Cover image by Taylor Vick.


Intro

I recently came across an old module that I had developed on v0.11.7 which deploys Linux (Ubuntu) virtual machines on Azure, unfortunately not usable now as it requires a whole lot of refactoring. During the porting process I discovered some immaturity on my part in my Terraform code (lack of experience back then), and I wanted to add the use of Azure Managed Disks to my deployment.

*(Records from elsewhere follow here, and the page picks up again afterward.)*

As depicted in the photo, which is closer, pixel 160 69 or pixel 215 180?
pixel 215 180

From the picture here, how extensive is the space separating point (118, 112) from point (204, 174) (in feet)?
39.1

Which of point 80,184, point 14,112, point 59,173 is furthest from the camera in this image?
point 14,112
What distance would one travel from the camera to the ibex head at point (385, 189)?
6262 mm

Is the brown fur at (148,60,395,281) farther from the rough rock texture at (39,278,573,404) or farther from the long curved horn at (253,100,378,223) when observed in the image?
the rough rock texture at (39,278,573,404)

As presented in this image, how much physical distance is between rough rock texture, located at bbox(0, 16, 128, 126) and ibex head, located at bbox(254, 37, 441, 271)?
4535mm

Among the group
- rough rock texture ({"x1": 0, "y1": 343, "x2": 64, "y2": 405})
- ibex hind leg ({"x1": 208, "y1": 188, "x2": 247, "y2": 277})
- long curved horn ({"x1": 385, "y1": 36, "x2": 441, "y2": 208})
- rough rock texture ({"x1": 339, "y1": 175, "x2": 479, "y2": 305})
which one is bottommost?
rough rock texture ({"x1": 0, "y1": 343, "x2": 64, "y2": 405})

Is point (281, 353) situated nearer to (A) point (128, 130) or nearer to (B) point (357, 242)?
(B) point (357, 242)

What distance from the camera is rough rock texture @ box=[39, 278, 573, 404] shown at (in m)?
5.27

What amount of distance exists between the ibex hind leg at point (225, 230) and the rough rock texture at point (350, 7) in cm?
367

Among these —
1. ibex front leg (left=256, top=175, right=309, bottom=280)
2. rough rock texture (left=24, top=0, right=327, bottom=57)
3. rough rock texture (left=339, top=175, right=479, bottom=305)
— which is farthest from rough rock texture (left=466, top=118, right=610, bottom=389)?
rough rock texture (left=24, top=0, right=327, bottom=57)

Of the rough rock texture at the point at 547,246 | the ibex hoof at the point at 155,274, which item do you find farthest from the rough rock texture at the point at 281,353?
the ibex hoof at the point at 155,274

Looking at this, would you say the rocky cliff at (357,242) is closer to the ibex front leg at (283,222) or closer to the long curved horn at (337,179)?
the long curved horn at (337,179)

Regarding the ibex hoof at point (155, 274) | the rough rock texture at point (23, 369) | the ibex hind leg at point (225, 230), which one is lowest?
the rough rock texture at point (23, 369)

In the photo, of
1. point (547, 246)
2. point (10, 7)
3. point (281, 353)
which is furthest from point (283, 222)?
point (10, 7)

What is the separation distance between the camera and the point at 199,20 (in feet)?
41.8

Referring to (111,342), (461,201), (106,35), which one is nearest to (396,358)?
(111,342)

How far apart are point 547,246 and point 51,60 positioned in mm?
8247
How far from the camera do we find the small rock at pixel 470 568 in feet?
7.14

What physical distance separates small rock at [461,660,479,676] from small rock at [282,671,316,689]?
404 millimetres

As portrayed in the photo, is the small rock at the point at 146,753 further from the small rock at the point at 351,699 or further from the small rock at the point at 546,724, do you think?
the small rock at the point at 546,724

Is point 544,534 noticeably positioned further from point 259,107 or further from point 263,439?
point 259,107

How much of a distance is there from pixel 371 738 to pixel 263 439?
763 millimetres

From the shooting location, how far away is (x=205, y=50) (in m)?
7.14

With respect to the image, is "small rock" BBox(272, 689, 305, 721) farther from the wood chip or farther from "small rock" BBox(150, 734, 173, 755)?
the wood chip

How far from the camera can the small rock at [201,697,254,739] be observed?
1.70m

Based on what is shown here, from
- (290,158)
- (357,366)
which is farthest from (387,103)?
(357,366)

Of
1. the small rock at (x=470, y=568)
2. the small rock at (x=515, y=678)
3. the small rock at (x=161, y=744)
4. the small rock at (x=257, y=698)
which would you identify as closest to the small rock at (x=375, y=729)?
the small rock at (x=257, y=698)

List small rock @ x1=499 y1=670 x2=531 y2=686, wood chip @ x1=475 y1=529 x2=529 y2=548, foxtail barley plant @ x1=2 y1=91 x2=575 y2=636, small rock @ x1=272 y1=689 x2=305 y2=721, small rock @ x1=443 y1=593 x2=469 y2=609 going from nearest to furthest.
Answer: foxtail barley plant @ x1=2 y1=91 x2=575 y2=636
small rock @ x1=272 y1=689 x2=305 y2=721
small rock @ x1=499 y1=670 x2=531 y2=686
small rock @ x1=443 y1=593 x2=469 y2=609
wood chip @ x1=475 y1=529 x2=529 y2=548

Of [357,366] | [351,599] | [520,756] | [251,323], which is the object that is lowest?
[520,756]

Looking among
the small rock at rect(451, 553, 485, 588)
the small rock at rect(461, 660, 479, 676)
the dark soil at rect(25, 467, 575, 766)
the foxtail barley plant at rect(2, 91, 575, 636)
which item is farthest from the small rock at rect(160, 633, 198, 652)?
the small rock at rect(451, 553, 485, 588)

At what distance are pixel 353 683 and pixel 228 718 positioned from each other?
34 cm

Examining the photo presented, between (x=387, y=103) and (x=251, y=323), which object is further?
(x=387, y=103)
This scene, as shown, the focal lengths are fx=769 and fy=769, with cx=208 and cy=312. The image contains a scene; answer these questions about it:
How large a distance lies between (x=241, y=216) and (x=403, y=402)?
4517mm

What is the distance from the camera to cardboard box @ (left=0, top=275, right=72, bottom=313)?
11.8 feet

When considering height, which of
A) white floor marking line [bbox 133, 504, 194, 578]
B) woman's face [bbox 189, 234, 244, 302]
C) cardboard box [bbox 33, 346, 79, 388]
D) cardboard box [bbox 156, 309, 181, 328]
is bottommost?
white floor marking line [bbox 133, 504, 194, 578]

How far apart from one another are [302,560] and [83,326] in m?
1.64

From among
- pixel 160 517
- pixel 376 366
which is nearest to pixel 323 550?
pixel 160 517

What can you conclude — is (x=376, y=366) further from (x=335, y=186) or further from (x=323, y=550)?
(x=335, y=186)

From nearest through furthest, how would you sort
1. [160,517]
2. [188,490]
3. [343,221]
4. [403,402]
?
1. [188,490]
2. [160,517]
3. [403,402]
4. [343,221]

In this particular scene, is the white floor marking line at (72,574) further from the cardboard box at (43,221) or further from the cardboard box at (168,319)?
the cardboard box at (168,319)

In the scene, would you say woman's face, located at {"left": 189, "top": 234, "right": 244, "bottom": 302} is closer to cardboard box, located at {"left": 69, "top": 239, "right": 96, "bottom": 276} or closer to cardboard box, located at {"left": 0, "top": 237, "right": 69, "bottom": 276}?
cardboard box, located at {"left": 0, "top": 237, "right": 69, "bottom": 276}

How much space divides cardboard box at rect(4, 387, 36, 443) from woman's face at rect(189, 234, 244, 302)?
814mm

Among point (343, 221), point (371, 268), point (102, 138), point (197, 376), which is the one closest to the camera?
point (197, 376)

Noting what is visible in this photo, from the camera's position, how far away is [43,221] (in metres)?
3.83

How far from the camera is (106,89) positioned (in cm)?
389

Future-proofing the script means refactoring resources such as azurerm_virtual_machine, as per the docs:

Note: The azurerm_virtual_machine resource has been superseded by the azurerm_linux_virtual_machine and azurerm_windows_virtual_machine resources. The existing azurerm_virtual_machine resource will continue to be available throughout the 2.x releases however is in a feature-frozen state to maintain compatibility - new functionality will instead be added to the azurerm_linux_virtual_machine and azurerm_windows_virtual_machine resources.

Prerequisites

In this post we are using the following versions:

terraform {
  required_version = ">= 0.12.25"

  required_providers {
    azurerm = ">= 2.10.0"
  }
}

Deploying Multiple VMs with Multiple Data Disks

Using count was the obvious answer (at first!) because of its easy-to-use nature. I’m passing in a list of VMs for some fine grained control of what is deployed/destroyed. For example:

terraform.tfvars

resource_group_name   = "my-test-rg"
instances             = ["vm-test-1", "vm-test-2", "vm-test-3"]
nb_disks_per_instance = 2
tags = {
  environment = "test"
}

main.tf

resource "azurerm_linux_virtual_machine" "vm" {
  count                 = length(var.instances)
  name                  = element(var.instances, count.index)
  resource_group_name   = azurerm_resource_group.rg.name
  location              = azurerm_resource_group.rg.location
  size                  = "Standard_D2s_v3"
  network_interface_ids = [element(azurerm_network_interface.nic.*.id, count.index)]
  admin_username        = "adminuser"
  admin_password        = "Password1234!@"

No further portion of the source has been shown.